# How should I interpret $|2\rangle|3\rangle$?

I am a beginner at QC. I was going through the basics of multi-qubits I encountered a state $$|2\rangle|3\rangle$$.

I want clarification on the following points:

1. Can I write $$|2\rangle$$ as $$|10\rangle = |1\rangle|0\rangle$$ always?
2. If $$|2\rangle = |10\rangle = |1\rangle|0\rangle$$, Can I write $$|2\rangle|3\rangle = |10\rangle|11\rangle = |1011\rangle$$?

Assume $$|0\rangle$$, $$|1\rangle$$ in computational basis. $$|0\rangle = \begin{bmatrix} 1 \\ 0 \end{bmatrix}$$, $$|1\rangle = \begin{bmatrix} 0 \\ 1 \end{bmatrix}$$

• I've never seen decimal notation like $|2\rangle$; it is not clear whether it means 2-qubit state $|10\rangle$ or 3-qubit state $|010\rangle$ or other multiqubit state.
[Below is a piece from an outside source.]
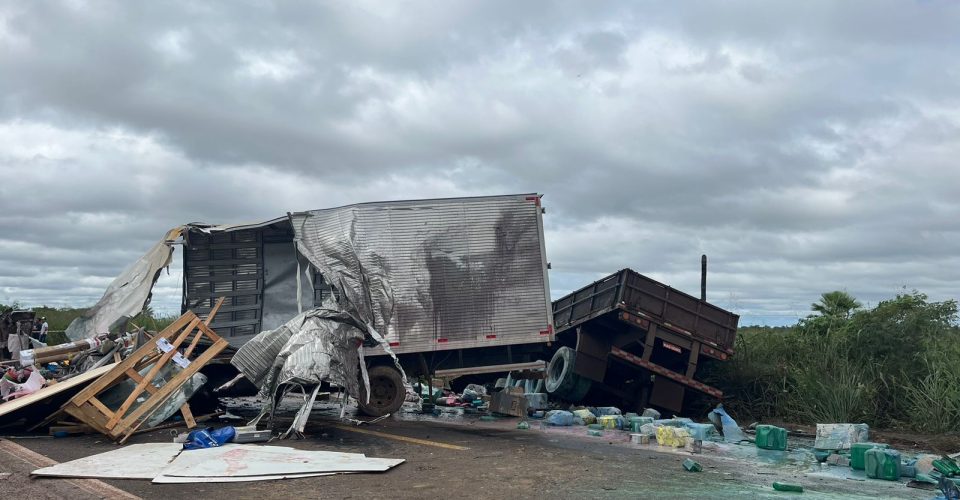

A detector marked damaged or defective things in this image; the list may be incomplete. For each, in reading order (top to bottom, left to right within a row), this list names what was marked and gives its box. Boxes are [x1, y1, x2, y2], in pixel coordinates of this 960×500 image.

Dec 1, 2019 at 10:41
• @kludg: It is generaly basis vector representing decimal number 2. You are right that it can be $|011\rangle$ as well, however, it should be clear from dimensionality of a problem. Dec 1, 2019 at 11:44

1) $$|2\rangle$$ is $$|10\rangle$$, or vector $$\begin{bmatrix}0\\0\\1\\0\end{bmatrix}$$ in Hilbert space representing two q-bits system.
2)Yes, it is possible as well. The first two q-bits in in state $$|10\rangle$$ and last two q-bits in state $$|11\rangle$$, hence the state of all four q-bits is $$|1011\rangle$$, or $$|11\rangle$$ (eleven!) in decimal but I would recommend to avoid writing decimal numbers in this case as they can be confused with binary numbers easily.